Asking good questions — and dealing with uncomfortable answers

@wwaycorrigan

[For an audio/vlog version of this story, click here.]

'Rather than ask my child, "What did you learn at school today?", I believe it's better to ask, "Did you ask good questions?"'

Asking good questions — and dealing with uncomfortable answers. Cartoon image of a teacher and three young students in a classroom setting.
Asking good questions helps us to become more clued-in, well-rounded individuals.
That suggestion was given by a contributor to a BBC podcast series presented by Rory Stewart, titled The long history of ignorance, released last year.

Need-to-know basis

The idea is that not only is it better to be an active, engaged learner rather than a passive one but also how we go about such engagement makes a telling difference. We should try to become more effective at probing to get the information that will help us understand an issue — or a person — more clearly. (Whilst being aware that for certain issues we may never discover the truth.)

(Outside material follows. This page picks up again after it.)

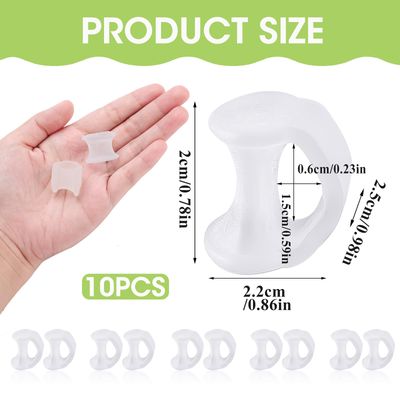 10PCS Gel Toe Separator, Pinky Toe Spacers, Little Toe Cushions Straightener Bunion Corrector for Preventing Rubbing &amp; Relieving Pressure, Pain Relief from Overlapping Toes, Blisters, and Corns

What constitutes good questions will depend on the subject, the context and the inquisitor's level of knowledge. OK, asking open questions — the five Ws (who, what, when, where, why) and H (how) — rather than closed questions is a decent overall rule. In fairness to many young children, they do this naturally, something I touched on in The just-how-it-is society, before said society starts to inhibit their inquisitiveness, that is.
'What my reply didn't specify — because I wasn't asked — was if my thinking about her was positive or negative. Or worse, indifferent, with indifference the essence of inhumanity, as George Bernard Shaw put it in The Devil's Disciple.'
The obvious problem with closed questions is that by their design they don't call for deep responses. If the questioner gets the answer he/she expected or wanted to hear, there may not be a follow-up, while the person questioned may be content not to divulge more without being pushed to do so.

For example, a woman in San José del Guaviare with whom I'd been intimately involved asked me in a message if I think about her. I replied in the affirmative. I wasn't lying. I did and do think about her. Somebody who only recently entered my life and still communicates with me from a distance, well it's highly likely I am going to think about her. It's hard not to.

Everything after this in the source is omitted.